** Opening DATASET SECTION block **
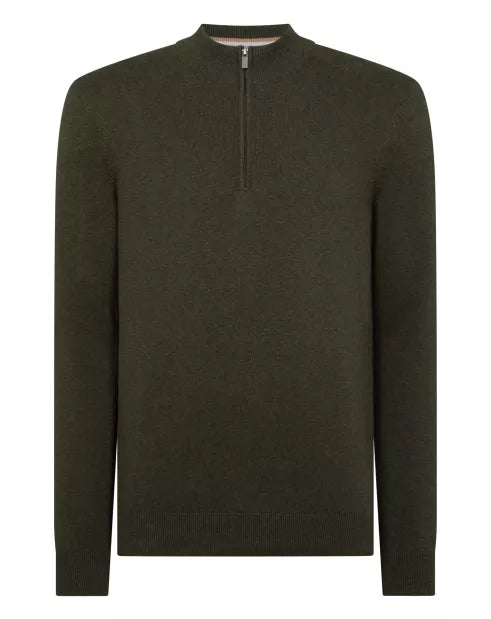Remus Uomo Half Zip Sweater Indigo Green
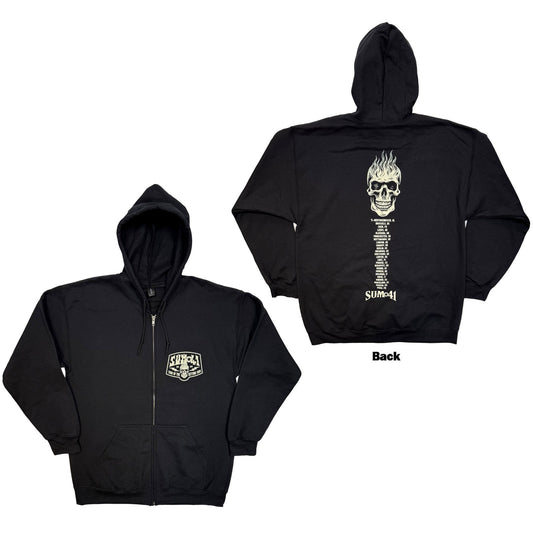 Sum 41 Zipped Hoodie: Tour '24 Pt.2 Pocket Logo & Skull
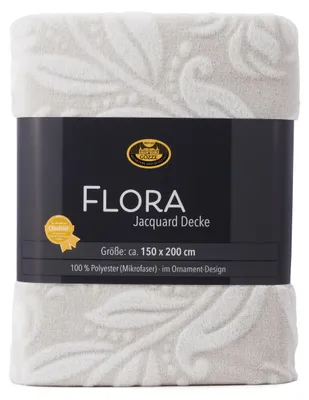 Produktbild von GÖZZE Jacquard Decke Flora weiche Mikrofaser-Wohndecke mit Banderole, floralem Hoch-Tief-Design und eleganter Ornamentik Stein 150 x 200 cm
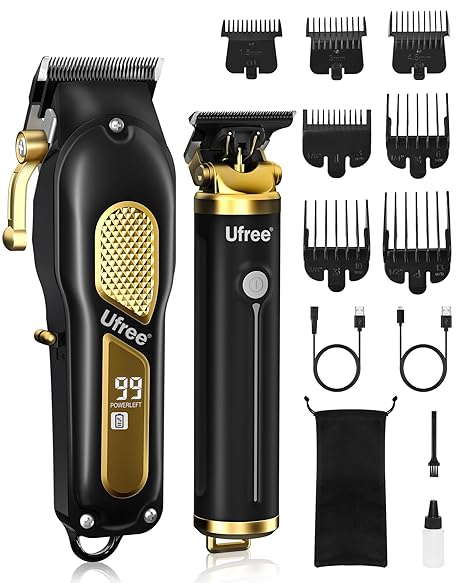 Ufree Hair Clippers for Men, Professional Clippers and Trimmers Set, Cordless Clippers for Hair Cutting, Beard Trimmer, Barber Clippers, Rechargeable Electric Shaver, Gifts for Men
** Closing DATASET SECTION block **
* **THE TASK**
Drop the pictures and reproduce the rest of the data exactly.

* **EXERCISE RESPONSE**
Remus Uomo Half Zip Sweater Indigo Green
 Sum 41 Zipped Hoodie: Tour '24 Pt.2 Pocket Logo & Skull
 Produktbild von GÖZZE Jacquard Decke Flora weiche Mikrofaser-Wohndecke mit Banderole, floralem Hoch-Tief-Design und eleganter Ornamentik Stein 150 x 200 cm
 Ufree Hair Clippers for Men, Professional Clippers and Trimmers Set, Cordless Clippers for Hair Cutting, Beard Trimmer, Barber Clippers, Rechargeable Electric Shaver, Gifts for Men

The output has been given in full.